Although this is not exactly what we think of today as a ladies' wristwatch, Le Roy also had a large selection of bracelet watches from 10 to 100 guineas, many of which were shown in later advertisements and which were true wristwatches. It did not require an enormous leap of imagination, or a twenty or thirty year “transitional phase”, for someone to come up with the idea of attaching a leather strap instead of a bracelet.
Purpose made men's wristwatches also appeared much earlier than many people think, around 1900. After all, what is the difference between ladies' watches and men's watches? A man's watch is usually larger and plainer, more masculine, in appearance; hardly rocket science. The wearing of a wristwatch was a matter of taste and fashion. Even though every army office wore a wristwatch, there was no demand for wristwatches from civilian men, who generally didn't wear things around their wrists. Because of this there was no mass market for men's wristwatches until the Great War, when large numbers of men joined the armies of Europe. They saw officers routinely wearing wristwatches; a practice which the new recruits quickly took up.
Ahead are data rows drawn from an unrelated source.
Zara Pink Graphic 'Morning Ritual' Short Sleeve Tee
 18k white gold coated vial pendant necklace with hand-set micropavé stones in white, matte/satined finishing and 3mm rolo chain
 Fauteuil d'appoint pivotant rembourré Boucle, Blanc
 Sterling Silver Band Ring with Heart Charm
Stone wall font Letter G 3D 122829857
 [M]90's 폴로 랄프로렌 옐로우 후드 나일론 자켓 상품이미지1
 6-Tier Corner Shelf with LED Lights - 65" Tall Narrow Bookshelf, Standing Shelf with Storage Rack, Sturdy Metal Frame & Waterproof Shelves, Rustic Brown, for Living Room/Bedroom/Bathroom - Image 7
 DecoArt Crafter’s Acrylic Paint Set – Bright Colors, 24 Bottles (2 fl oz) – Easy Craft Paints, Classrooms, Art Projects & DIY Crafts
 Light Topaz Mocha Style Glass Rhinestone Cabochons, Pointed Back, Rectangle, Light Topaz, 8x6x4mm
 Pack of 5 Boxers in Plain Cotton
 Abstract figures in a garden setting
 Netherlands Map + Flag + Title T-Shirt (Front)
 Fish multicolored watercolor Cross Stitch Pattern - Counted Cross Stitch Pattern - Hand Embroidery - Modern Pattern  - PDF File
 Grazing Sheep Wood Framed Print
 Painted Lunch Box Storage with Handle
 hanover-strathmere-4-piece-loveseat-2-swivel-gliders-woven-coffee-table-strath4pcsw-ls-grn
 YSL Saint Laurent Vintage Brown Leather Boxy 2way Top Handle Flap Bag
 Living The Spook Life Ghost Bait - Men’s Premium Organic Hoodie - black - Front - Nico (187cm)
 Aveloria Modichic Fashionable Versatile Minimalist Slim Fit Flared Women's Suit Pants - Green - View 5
So before the Great War there was also simply no need to convert pocket watches into unsatisfactory wristwatches. If a man wanted a wristwatch, he could just go out and buy one. And in fact, military officers did just that. Advertisements from the period mention that wristwatches were sold to automobilists, balloonists, horse riders, and to military men, who were the largest group of customers for them. The vast majority of civilian men didn't wear a wristwatch, because it simply wasn't seen as necessary or fashionable.
My earliest wristwatch with a verified date is an IWC Wristwatch that was made in 1906. A Calibre 64 savonnette (hunter) movement was put into a purpose made Lépine (open face) wristwatch case with fixed wire lugs, ordered from Borgel in Geneva in September that year. This IWC wristwatch, and many other wristwatches from the pre-war period that were clearly made for men, show that purpose made men's wristwatch cases were readily available in the early 1900s.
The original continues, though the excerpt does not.